Pertanyaannya, sudah sejauh mana dilakukan? Ini baru satu komoditi bernama cengkih. Bagaimana dengan komoditi yang lain?
***
Pagi itu, penginapan kedatangan tamu dari Jakarta. Satu rombongan dari Kementeri Pertanian (Perkebunan). Mereka datang untuk mengurus kelapa. Ini juga komoditas andalan. Saya berkesempatan cerita panjang dengan salah satu yang paling senior, Mas Heru.
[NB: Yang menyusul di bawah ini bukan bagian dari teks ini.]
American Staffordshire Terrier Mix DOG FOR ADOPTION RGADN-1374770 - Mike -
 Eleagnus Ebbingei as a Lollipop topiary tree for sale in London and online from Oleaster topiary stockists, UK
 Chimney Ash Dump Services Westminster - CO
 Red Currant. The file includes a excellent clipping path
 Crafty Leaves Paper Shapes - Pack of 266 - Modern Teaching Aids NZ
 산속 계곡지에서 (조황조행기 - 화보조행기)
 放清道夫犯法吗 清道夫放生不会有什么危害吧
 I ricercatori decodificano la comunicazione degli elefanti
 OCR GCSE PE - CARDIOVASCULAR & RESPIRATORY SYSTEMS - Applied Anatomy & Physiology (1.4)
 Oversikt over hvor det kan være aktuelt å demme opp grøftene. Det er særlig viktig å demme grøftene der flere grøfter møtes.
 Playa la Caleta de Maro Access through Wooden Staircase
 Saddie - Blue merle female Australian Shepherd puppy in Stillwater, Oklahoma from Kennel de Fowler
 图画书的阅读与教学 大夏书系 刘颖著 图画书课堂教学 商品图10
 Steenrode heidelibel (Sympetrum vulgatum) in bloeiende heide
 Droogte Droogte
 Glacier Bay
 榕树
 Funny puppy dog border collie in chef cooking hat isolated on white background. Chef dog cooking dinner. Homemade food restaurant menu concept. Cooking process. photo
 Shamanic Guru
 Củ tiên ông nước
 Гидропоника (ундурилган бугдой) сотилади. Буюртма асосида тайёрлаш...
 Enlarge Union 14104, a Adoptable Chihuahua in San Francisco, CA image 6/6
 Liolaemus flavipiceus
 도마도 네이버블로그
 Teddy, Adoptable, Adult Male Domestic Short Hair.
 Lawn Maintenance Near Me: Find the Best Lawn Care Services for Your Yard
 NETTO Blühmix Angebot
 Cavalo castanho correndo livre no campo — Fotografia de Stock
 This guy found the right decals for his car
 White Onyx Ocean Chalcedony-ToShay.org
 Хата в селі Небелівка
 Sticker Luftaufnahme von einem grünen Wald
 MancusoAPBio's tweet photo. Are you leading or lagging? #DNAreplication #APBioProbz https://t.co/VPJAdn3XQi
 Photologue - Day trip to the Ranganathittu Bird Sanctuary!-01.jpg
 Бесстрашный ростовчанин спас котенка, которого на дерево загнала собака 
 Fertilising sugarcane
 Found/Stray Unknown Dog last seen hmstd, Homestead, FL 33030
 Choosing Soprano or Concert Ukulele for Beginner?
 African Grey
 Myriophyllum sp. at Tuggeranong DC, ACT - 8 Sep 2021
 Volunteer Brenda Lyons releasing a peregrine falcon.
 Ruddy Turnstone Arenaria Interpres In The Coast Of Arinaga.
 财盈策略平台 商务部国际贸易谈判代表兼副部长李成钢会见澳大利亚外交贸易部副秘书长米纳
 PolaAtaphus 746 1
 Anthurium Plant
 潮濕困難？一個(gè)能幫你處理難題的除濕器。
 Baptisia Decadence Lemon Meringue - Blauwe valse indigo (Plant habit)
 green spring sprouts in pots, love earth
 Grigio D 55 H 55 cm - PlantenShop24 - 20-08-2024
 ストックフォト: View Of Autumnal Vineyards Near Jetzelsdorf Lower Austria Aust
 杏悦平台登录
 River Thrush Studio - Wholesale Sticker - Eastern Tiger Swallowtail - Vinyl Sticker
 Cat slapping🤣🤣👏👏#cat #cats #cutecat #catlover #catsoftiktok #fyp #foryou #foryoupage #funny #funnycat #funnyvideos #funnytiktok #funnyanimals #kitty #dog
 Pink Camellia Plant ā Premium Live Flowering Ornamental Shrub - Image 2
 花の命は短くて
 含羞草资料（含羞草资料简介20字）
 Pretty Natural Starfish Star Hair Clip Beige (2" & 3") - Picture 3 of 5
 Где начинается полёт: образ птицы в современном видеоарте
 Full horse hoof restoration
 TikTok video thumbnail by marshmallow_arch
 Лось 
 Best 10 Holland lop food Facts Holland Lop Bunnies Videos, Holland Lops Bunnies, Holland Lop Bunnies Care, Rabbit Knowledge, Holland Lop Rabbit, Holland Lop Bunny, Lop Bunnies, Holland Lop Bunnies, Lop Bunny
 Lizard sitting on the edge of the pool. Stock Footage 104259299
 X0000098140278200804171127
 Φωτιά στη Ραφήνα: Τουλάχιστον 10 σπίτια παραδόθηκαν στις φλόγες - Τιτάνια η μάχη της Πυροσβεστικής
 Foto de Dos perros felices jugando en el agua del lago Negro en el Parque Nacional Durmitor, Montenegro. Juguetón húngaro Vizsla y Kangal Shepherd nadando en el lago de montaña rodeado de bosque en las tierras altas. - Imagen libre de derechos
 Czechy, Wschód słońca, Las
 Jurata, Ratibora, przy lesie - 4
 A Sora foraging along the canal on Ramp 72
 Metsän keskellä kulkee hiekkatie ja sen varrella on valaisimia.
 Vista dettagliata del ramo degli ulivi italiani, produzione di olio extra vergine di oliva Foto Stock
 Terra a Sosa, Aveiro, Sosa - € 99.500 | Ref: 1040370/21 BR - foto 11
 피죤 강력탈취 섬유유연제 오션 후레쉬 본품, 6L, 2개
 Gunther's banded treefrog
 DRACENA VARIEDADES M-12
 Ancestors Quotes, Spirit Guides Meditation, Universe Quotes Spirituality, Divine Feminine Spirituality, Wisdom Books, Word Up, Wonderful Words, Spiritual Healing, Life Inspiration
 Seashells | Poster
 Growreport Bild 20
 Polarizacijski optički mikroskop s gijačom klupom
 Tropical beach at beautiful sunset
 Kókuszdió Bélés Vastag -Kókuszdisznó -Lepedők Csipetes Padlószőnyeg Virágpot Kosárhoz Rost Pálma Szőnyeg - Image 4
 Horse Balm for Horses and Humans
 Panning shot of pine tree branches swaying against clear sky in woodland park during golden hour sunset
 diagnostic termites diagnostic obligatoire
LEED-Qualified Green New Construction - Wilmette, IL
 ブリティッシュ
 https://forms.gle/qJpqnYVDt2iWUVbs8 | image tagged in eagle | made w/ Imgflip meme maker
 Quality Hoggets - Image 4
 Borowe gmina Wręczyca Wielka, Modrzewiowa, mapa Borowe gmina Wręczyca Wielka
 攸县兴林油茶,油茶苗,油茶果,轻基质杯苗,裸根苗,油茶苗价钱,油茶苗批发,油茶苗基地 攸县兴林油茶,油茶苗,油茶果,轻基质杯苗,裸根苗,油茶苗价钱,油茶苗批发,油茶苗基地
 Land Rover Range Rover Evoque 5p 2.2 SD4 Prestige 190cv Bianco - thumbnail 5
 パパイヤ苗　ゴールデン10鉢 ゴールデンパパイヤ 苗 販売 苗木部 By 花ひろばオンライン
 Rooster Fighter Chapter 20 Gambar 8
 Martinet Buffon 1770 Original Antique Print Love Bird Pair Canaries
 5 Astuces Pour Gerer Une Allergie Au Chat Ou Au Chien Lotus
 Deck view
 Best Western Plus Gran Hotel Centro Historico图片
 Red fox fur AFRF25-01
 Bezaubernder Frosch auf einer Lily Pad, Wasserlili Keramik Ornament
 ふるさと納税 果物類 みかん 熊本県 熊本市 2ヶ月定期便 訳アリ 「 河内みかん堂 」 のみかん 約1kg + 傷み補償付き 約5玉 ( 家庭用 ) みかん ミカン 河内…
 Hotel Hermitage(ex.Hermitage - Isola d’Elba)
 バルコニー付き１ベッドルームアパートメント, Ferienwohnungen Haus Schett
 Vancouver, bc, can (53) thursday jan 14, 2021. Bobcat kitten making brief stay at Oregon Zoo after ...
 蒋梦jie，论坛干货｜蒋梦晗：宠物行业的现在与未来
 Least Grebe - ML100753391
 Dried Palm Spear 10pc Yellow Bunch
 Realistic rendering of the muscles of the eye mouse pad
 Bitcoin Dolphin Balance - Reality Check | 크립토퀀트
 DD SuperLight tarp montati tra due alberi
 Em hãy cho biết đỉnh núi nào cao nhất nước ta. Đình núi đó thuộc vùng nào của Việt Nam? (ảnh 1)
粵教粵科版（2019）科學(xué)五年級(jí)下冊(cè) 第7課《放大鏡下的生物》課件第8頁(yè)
Beliau punya banyak pengalaman, mulai dari hutan, kebun hingga garam.
Mas Heru bercerita banyak tentang mengalaman mengadopsi pohon, menzonasi dan menginvestasi hutan buatan. Beliau juga bicara tentang program kemitraan dengan petani di masa orde baru. Pokoknya sangat menarik dan inspiratif. Banyak yang bisa diduplikasi sebagai “best practice”.
Waktu bekerja dengan UNDP untuk program City Development Strategy (CDS) tahun 2002, saya anjurkan pemerintah lokal untuk memburu para tamu hotel. Saya bahkan menggunakan istilah “menculik” para tamu ini untuk kongkow-kongkow. Mengapa.? Sebab, mereka yang datang ini, kaya dengan informasi, agenda dan jaringan (net working). Sayang, kalau disia-siakan. Mungkin bagian infokom bisa dititipi misi ini dalam tupoksinya.
***
Saya ingat cerita tentang Fadel Mahamad saat menjabat Gubernur Gorontalo. Satu saat beliau dengar ada orang asing tetentu, transit di bandara Gorontalo. Gubernur langsung mendatanginya. Pastilah tamu itu kaget, terperanjat dan kagum karena merasa dihargai.
Ujung dari obrolan tidak resmi itu, Gorontalo mendapat bantuan internasional yang sangat besar. Bukan langsung dari tamu asing itu. Tapi, dari jejaring yang dimiliki tamu asing tersebut.
Mengapa bisa terjadi Bro Halim? Bisa, karena orang asing itu telah menjadi promotor (meet maker) informal Pemda Gorontalo ke jejaring profesi dan bisnis beliau. Dan, semuanya dimulai dari langkah yang sangat sederhana.
Tapi, ini baharu mungkin, bila para pemimpin daerahnya visioner dan rendah hati serta mau belajar. Mampu keluar dari zona feodalistik yang biasa melingkupi karakter kepemimpinan “leadership attitude”.
Demikian., bro Halim dan pembaca semua.